-- Data follows --

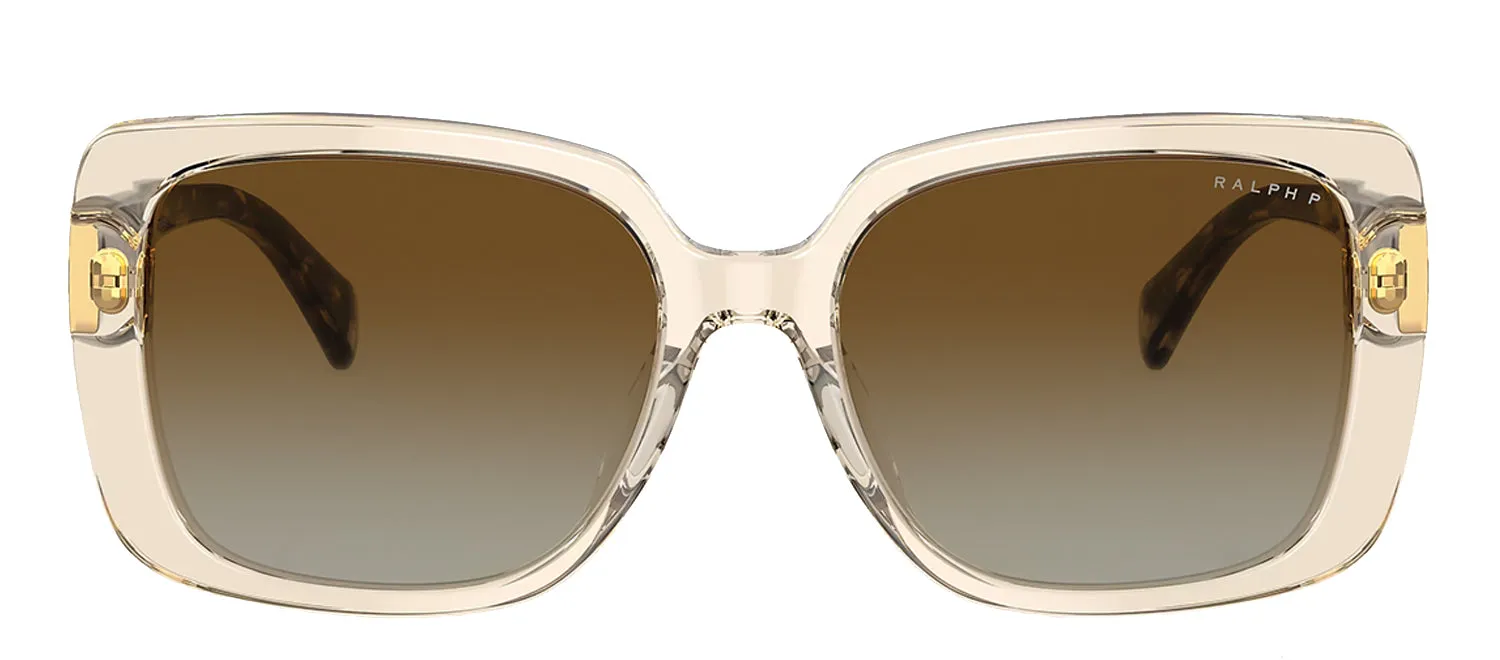 Ralph Lauren RA 5298U 6072T5 Rectangle Plastic Brown Sunglasses with Brown Polarized Lens sold by Gaffos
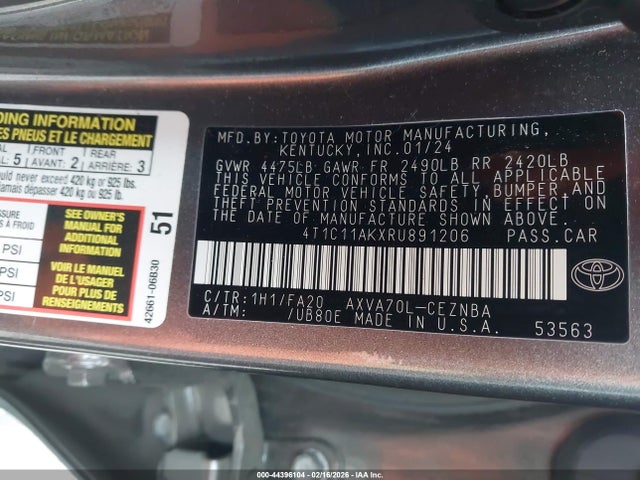 4T1C11AKXRU891206 Toyota CAMRY LE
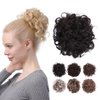 JUVABUN Curled Clip in Hair Buns -Dark Brown| Hair Bun Maker | Hair Buns Hair Piece| Curled Hair Bun Scrunchie | Everyday Wear | Washable & Realistic|Hair Bun Clip - Dark Brown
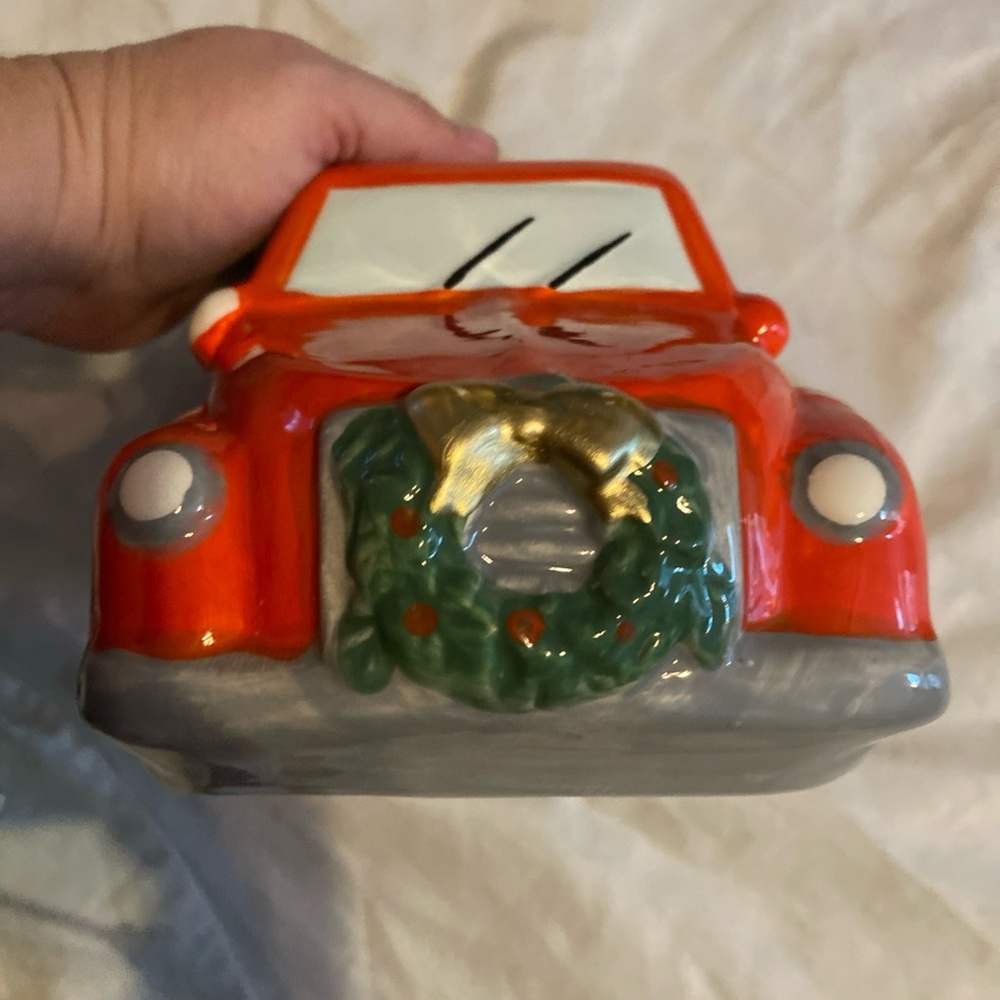 David's Cookies Red Truck With Christmas Tree Ceramic Cookie Jar Lights Star - Picture 10 of 12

-- Data concluded --

Skip the pictures, please, and transcribe only the lines from the beginning of the material through the one that contains "JUVABUN Curled Clip".

 Ralph Lauren RA 5298U 6072T5 Rectangle Plastic Brown Sunglasses with Brown Polarized Lens sold by Gaffos
 4T1C11AKXRU891206 Toyota CAMRY LE
 JUVABUN Curled Clip in Hair Buns -Dark Brown| Hair Bun Maker | Hair Buns Hair Piece| Curled Hair Bun Scrunchie | Everyday Wear | Washable & Realistic|Hair Bun Clip - Dark Brown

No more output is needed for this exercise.